The more shows they played the better the songs became and when they went into the studio to record, the energy of the band and their tightness transferred onto the tape.
And the rest is history.
The album dropped in 1984 and went straight to Number 1 in Australia. Jimmy Barnes was reborn as a solo artist.
Listen to the riff and groove of “Vision”.
Or check out the Soul Rock style of “Daylight” which reminds me of songs like “Mustang Sally” but with a hard rock guitar riff that wouldn’t be out of place on an AC/DC album.
“Promise Me You’ll Call” is a slower tempo song, ballad like with a soul rock vocal melody. And that Chorus with the Gospel like backing vocals. Press play to hear it.
“No Second Prize” has that “Stand By Me” progression, all rocked up, 80s style. And it became an Aussie pub rock classic.
“Boys Cry Out For War” has a riff which reminds me of “Let’s Stick Together” from Bryan Ferry and a little bit of “Get It On” from T Rex. And I like it.

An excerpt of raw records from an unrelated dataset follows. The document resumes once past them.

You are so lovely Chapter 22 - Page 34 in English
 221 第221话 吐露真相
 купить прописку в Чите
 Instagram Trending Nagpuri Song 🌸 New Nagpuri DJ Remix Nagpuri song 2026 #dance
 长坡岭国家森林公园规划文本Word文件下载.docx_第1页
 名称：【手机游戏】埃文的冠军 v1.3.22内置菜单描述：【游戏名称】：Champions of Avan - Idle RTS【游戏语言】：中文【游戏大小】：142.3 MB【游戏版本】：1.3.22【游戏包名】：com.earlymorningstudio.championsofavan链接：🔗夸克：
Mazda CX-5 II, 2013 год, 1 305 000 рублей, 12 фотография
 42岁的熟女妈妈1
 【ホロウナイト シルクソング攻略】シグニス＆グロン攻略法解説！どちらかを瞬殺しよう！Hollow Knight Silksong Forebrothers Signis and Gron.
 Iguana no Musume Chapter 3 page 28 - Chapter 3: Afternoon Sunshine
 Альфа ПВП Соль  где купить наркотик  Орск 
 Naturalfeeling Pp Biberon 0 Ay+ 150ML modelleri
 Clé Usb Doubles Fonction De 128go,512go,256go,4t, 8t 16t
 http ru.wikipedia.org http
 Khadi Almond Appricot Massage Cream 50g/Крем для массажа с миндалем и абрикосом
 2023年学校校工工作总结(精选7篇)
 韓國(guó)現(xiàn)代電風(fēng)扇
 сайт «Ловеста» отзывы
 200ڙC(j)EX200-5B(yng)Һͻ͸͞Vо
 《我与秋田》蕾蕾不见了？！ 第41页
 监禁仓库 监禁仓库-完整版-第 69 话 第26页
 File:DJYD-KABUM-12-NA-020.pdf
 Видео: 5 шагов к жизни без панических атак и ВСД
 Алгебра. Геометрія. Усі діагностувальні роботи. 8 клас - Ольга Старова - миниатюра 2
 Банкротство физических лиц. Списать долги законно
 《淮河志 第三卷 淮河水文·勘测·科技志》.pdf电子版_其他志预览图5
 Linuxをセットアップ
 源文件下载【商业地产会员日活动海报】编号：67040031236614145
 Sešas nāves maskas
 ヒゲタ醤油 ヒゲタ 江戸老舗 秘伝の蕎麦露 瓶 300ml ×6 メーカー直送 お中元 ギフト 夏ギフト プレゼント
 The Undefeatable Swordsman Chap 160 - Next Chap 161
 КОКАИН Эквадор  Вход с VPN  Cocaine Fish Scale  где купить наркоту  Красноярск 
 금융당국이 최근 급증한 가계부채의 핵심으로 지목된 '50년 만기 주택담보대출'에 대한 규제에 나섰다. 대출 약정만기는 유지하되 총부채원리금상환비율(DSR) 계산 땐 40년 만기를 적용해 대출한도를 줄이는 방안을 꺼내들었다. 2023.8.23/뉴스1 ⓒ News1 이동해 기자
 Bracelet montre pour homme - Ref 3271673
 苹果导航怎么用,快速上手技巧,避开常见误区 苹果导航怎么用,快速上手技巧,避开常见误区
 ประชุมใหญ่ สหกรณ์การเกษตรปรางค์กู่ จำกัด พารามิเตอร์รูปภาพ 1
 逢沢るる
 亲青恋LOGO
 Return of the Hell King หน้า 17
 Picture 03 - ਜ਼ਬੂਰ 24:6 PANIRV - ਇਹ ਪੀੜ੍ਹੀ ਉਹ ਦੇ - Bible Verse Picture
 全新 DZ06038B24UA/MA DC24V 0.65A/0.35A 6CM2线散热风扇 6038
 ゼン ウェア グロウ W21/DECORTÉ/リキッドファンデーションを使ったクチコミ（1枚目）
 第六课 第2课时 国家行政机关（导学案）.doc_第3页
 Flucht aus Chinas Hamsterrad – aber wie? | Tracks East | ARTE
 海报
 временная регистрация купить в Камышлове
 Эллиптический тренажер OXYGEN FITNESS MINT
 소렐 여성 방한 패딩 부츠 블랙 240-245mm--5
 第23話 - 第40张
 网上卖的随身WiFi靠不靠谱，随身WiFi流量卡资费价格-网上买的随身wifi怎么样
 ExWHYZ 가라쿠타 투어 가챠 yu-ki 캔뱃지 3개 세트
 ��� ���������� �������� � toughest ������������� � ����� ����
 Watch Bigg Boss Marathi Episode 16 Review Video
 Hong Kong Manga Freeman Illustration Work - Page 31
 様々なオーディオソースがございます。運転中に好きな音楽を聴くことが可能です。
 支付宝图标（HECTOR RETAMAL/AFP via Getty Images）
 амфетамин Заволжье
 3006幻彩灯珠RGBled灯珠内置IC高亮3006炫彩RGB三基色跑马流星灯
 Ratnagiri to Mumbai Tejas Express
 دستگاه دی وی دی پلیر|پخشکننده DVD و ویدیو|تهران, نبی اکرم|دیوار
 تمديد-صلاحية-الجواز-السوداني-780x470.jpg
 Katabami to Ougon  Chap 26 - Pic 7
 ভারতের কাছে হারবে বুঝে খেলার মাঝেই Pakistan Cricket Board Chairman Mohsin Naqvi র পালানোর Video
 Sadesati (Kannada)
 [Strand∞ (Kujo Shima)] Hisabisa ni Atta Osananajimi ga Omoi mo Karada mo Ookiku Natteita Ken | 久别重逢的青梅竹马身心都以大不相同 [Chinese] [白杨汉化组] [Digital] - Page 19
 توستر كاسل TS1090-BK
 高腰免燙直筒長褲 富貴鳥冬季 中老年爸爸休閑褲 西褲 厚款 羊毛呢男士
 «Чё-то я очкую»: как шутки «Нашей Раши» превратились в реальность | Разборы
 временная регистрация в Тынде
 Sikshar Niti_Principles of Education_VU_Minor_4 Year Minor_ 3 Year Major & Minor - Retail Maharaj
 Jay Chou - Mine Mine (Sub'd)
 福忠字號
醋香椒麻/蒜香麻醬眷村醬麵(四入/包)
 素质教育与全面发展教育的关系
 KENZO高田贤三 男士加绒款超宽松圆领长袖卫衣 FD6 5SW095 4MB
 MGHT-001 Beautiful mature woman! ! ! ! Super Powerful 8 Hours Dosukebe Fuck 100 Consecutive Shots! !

“Paradise” is a rewrite of the song “Rising Sun” song from his Cold Chisel days. A 12 bar rockabilly blues romp.
“A Change Is Gonna Come” is a cover, a blues like ballad written by American singer-songwriter Sam Cooke. It came out in 1964 as a B-side and then became part of the Civil Rights Movement.
“Thick Skinned” is a southern country rock cut.
“Piece Of My Heart” is another cover. It feels misplaced here.
“Fire” has this “Strutter” vibe in the verses and a Melodic Rock chorus.
And “World On Fire” is another rocker to close the album with a bass groove which thunders along while the guitars decorate.
Crank it loud.
4 thoughts on “Australian Method Series: Jimmy Barnes – Bodyswerve”
Hey, thx for the Jimmy Barnes write up. I only know of him from his team up w/ INXS for the Good Times song from the Lost Boys. I know the basics that he’s very well known & regarded in Australia. So to a Jimmy B’s newbie, u recommend any ‘must listen’ albums/songs? Thx…
Bubba, from NYC
Start with the Working Class man album, but don’t ignore No Second Prize on this album.
Freight Train Heart is also a classic.
Cold Chisel. Whenever you write about Barnes it takes me back to the summer of 81 when they showed up with the Nuge.
They had big issues on that tour, being paired with bands that didn’t fit.